Dem Hauptgebäude des Spitals fehlte ein prägnanter Eingangsbereich. Aufgabe war, dem neugeschaffenen Foyer ein unverwechselbares Gesicht zu geben.

Anstelle der unverbindlichen Kunst in Krankenhäusern sollte der öffentliche Eingangsraum vom Haus 4 eine eigene Identität erhalten.

Dazu wollte man die Rückwand mit einem Manon-Diptychon versehen, das zu diesem Zweck angekauft wurde. Die Bilder, die (in anderer Konfiguration) bereits vorhanden waren, wurden speziell für St. Gallen neu zusammengestellt. Damit sich der öffentlich zugängliche Raum einheitlich zeigt, wurde die Möblierung bis hin zu den Lampen farblich und formal angepasst und, genau wie die Bilder, in weiss, schwarz, rot gehalten.

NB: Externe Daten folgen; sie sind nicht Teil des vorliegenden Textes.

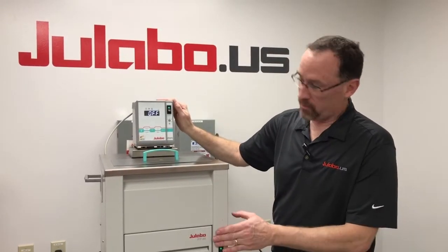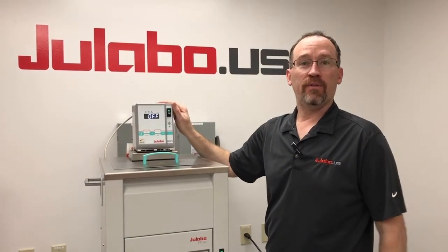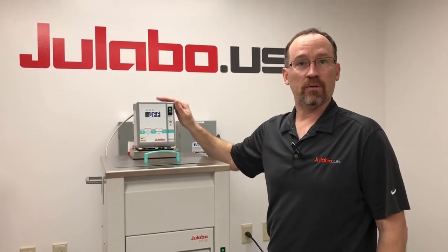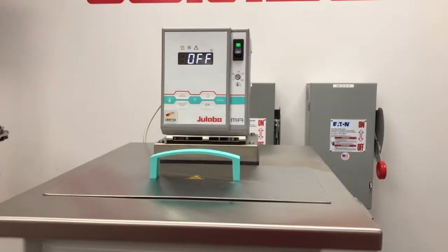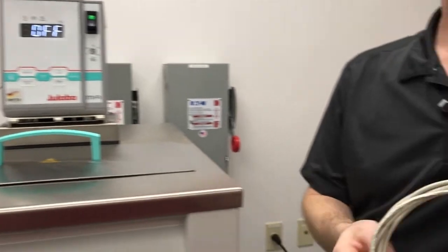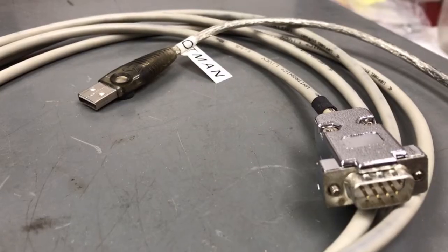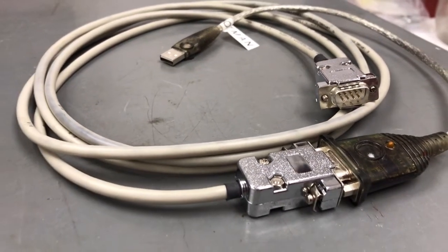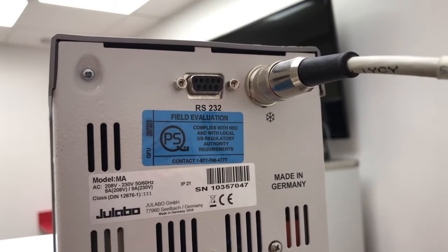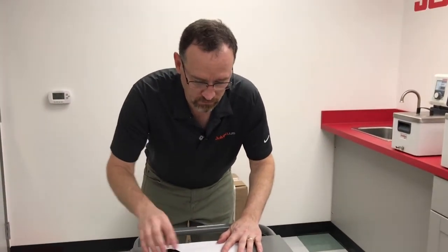First, we're demonstrating with an FP40MA, which the MA will simulate all of the previous units I've stated before for downloading Black Box. Make sure that the circulator head is in the off state. Next you'll need a modem cable, then proceed to connect the cable to the back of the circulator head, or in the front of the other devices where the RS-232 port is, and connect to your computer.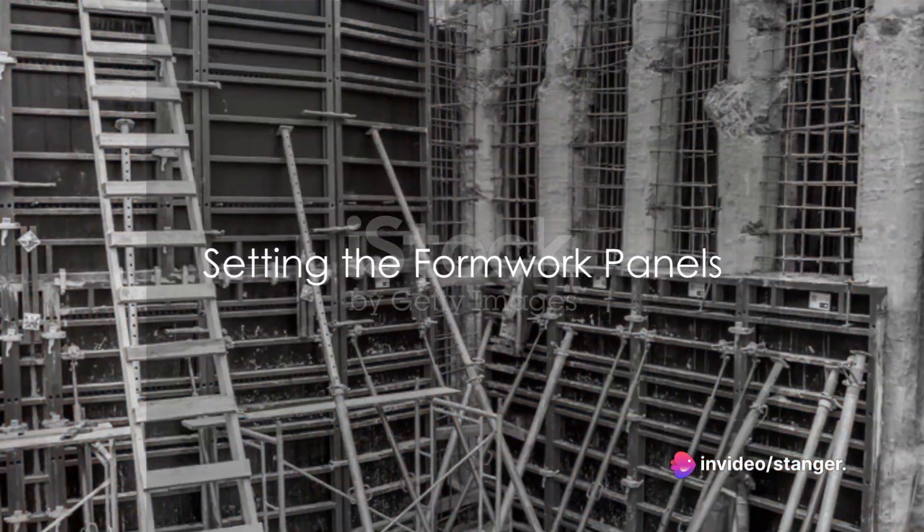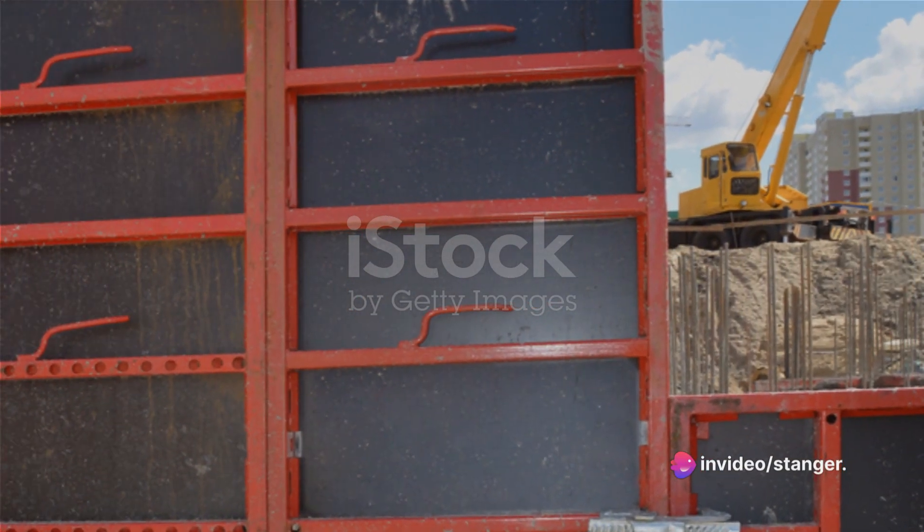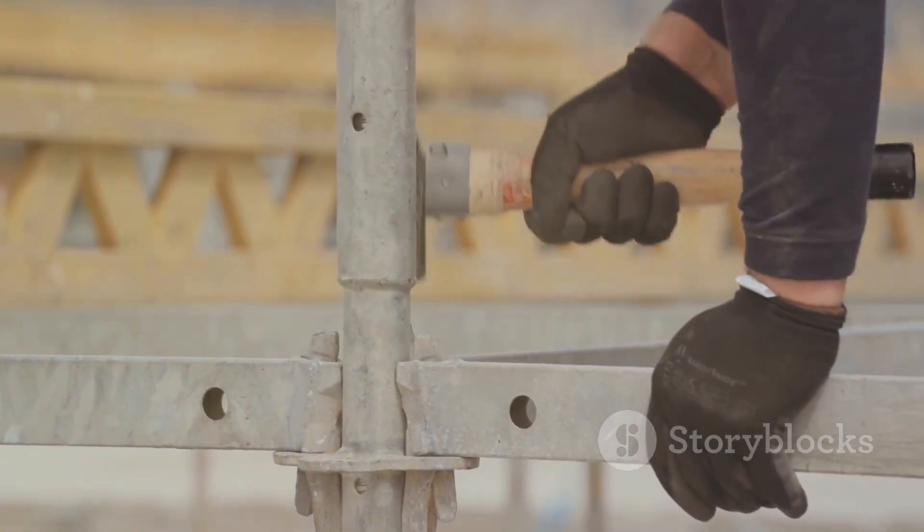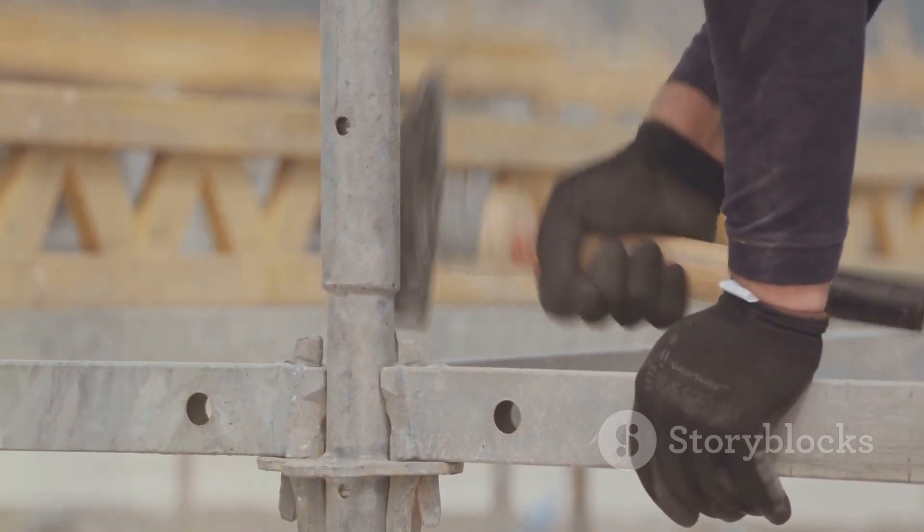Now we're ready to set the formwork panels. These are set up along the marked layout, secured in place using braces and stakes. Proper alignment and leveling of the formwork panels is a must here.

Das Ziel war, die Eintretendenden auf freundliche Art zum nachdenken anzuregen.

Die Einweihung wurde durch Frau Musits am 6. Juli 2016 durchgeführt. Sie stellte Raum und Bilder der Oeffentlichkeit vor, ich hielt eine Rede.

in spezieller Konfiguration für St. Gallen 2015/2016
Haus 04, Rorschacherstrasse 95
CH-9000 St. Gallen SG
Initiiert durch Christian Roellin, Kulturvermittler und Galerist, St. Gallen
Kantonsspital St. Gallen, Kunstkommission vertreten durch Christof Stäheli und Christine Musits
Christof Stäheli, Projektleiter Departement Bau und Raum, Vorsitz
Manon
Fawad Kazi, Architekt Zürich, ist Mitglied der Kunstkommission KSSG. Er ist federführend für das Grossprojekt der zur Zeit neu entstehenden Spitaltürme des KSSG. Bauzeit 12 Jahre
Das Hauptgebäude des Spitals, Hochhaus 04 aus den 70er Jahren mit entsprechenden Strukturen, hatte im Erdgeschoss keine Lobby. Aufgabe war, die unwirtliche Eingangssituation mit einem thematisch überzeugenden und prominenten Werk zu bestücken.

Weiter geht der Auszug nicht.